The real woman behind Mrs. Beeton

By Laura Shapiro -- The New York Times

The Short Life and Long Times of Mrs. Beeton. By Kathryn Hughes. 480
pages. $29.95. Alfred A. Knopf.

In America, we've had Fannie Farmer and Betty Crocker, but for British
home cooks the presiding deity of the kitchen has long been Isabella
Beeton, the Victorian matron whose recipes once reigned from Bayswater
to Lucknow. Her best-selling "Beeton's Book of Household Management,"
published in 1861, brought on an avalanche of revised editions and new
"Mrs. Beeton" titles that still hasn't let up, including "Microwaving
With Mrs. Beeton" and "Mrs. Beeton's Healthy Eating."

But who, exactly, was she?

It's hard to say. Lytton Strachey, Wyndham Lewis, J. B. Priestley and a
host of playwrights and journalists have tried to dig out her story over
the years, coming up mostly with scraps and fantasies. Her family let
out very little information - in part because Mrs. Beeton died at 28 and
had nothing whatever to do with most of what was published under her
famous name.

Kathryn Hughes is the most recent and by far the most zealous of these
literary detectives, and "The Short Life and Long Times of Mrs. Beeton"
is a triumph. The author of "George Eliot: The Last Victorian," Hughes
knows 19th-century England intimately; and she appears to have rounded
up every last splinter and shard of Beetoniana.

Lavish amounts of well-informed speculation, applied like plaster, hold
together the bits she can actually document, but the result is a
narrative that could have come straight from Trollope. Vicars and
curates, tradesmen's families edging up the social ladder, tangled
marriage plots - for lovers of Barsetshire, it's all here. (Though poor
Trollope would have been scrounging nervously for euphemisms as he made
his way through the seamier elements of this tale.)

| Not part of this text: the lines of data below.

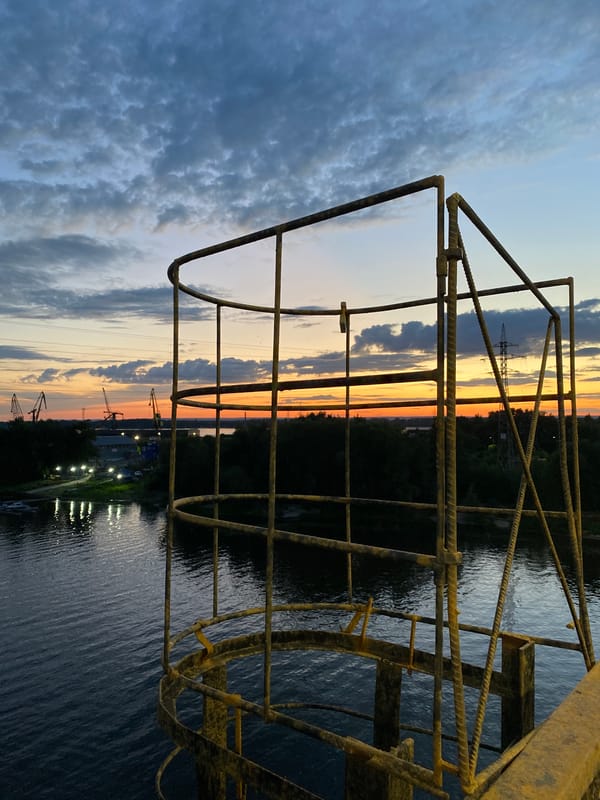 Evening along the Novokuybyshevsk waterfront, dusk to night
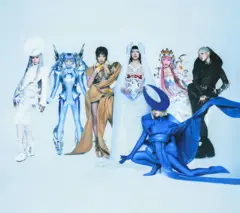 Os 7 integrantes do XG posam em uma série de roupas futuristas em uma imagem promocional do álbum The Core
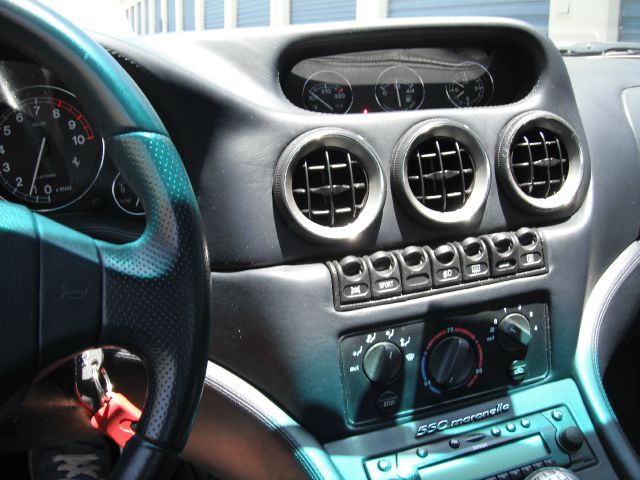 2000 Ferrari 550 Maranello Base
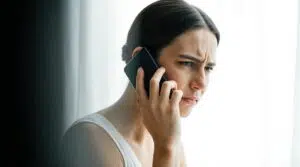 Femme au téléphone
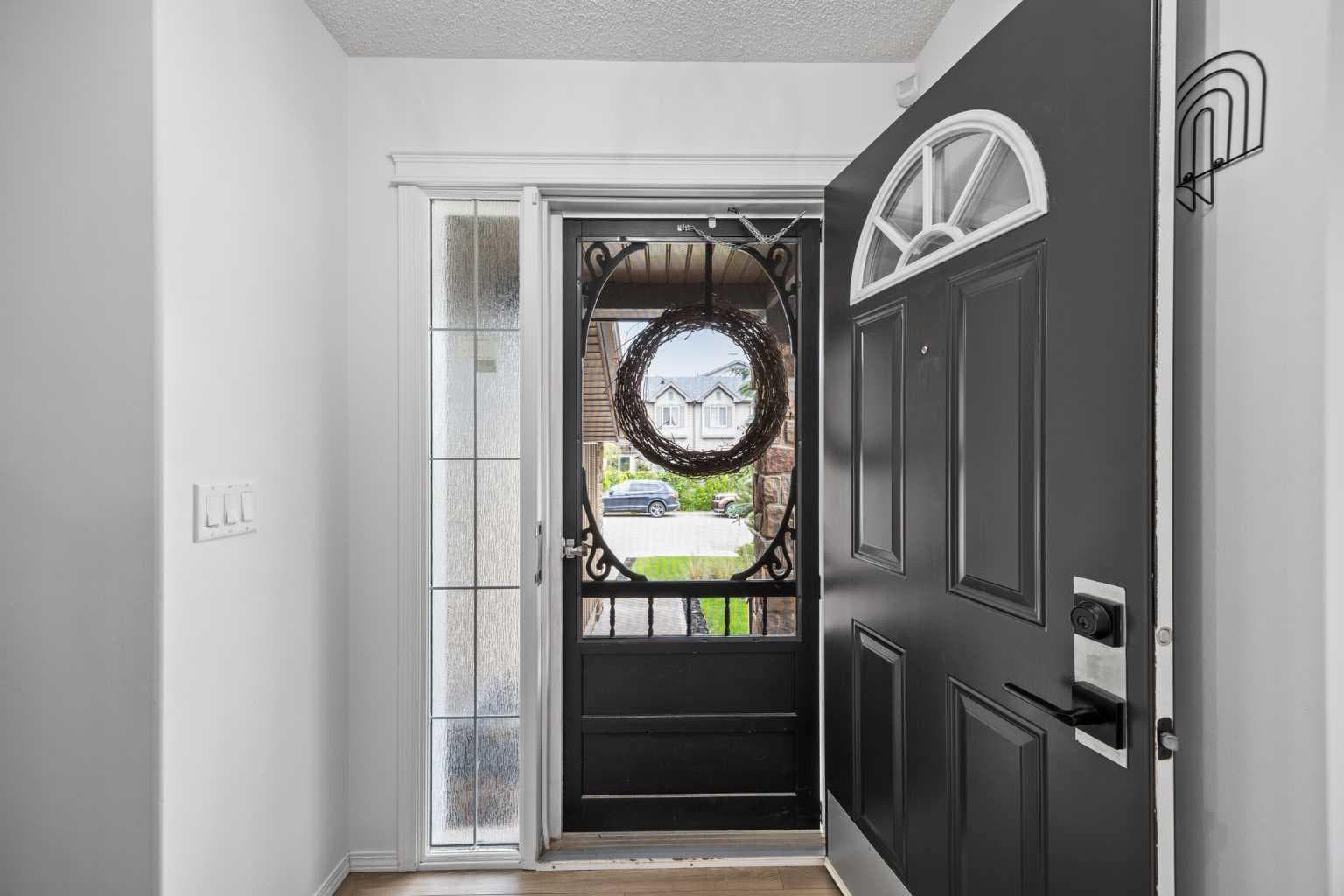 164 Silverado Range Close SW — photo 4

Isabella grew up caring for 20 siblings and stepsiblings, and was
delighted to escape at the age of 20 to marry the ambitious young
publisher Samuel Beeton. She quickly began writing for his
Englishwoman's Domestic Magazine, and then plunged into another of his
projects, a comprehensive manual on cooking and homemaking.

Her approach to this mammoth task was efficiency itself: she simply
stole everything she needed from other books, rewriting as necessary to
give the text coherence and personality. It was the quality of the
cutting and pasting that made the book a lasting treasure.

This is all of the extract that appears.